Looker Studio Text: String Manipulation, Matching & Numeric Properties

Data isn't always served to us on a silver platter. In the real world of analytics, especially when working with Looker Studio, you'll often encounter text data that's messy, inconsistent, or simply not in the format you need for your analysis. While we've all learned to manipulate numbers since childhood, working with text requires a specialized approach – and that's exactly what we'll explore in this article.

Today, we're diving into three powerful techniques for transforming your text data in Looker Studio:

  • Chaining functions for complex text transformations

  • String matching for categorizing your data

  • Extracting numeric properties from text

By mastering these techniques, you'll unlock new possibilities for data cleaning, analysis, and visualization in your Looker Studio reports. Let's get started!
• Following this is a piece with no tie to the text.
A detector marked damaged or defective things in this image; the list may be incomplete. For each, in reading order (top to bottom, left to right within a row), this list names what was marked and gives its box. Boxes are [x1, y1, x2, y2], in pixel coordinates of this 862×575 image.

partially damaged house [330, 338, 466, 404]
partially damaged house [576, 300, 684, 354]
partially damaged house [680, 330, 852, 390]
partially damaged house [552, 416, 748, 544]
Chaining Functions: Building Complex Text Transformations

One of the most powerful concepts in Looker Studio's calculated fields is the ability to nest functions within each other – what we call "chaining." This allows you to perform multiple operations on your text data in a single formula.

TRIM(): Removing Unwanted Spaces

Let's start with a common data quality issue: extra spaces in your text fields. These spaces might seem insignificant, but they can fracture your data and skew your analysis.

The TRIM() function removes both leading and trailing spaces from a text string. Here's how it works:

TRIM(City)

In this example, we're cleaning up city names that have unwanted spaces. Without trimming, " New York " and "New York" would appear as two separate entries in your reports, splitting metrics like revenue between them. After applying the TRIM() function, these variations are consolidated, giving you more accurate aggregated metrics.

Combining TRIM() with CONCAT() for Clean Names

Now, let's chain functions together to solve a more complex problem. Imagine you have first and last names in separate fields, and both might have unwanted spaces. You want to create a clean, full name field.

Here's the formula:

CONCAT(TRIM(First Name), " ", TRIM(Last Name))

What happens here?

  1. First, Looker Studio executes the innermost functions: TRIM(First Name) and TRIM(Last Name)

  2. Then, it passes these cleaned values, along with a space character, to the CONCAT() function

  3. Finally, it returns a properly formatted full name with no unwanted spaces

This is a simple example, but the concept of chaining functions is incredibly powerful. You can create complex data transformations by nesting various text manipulation functions within each other.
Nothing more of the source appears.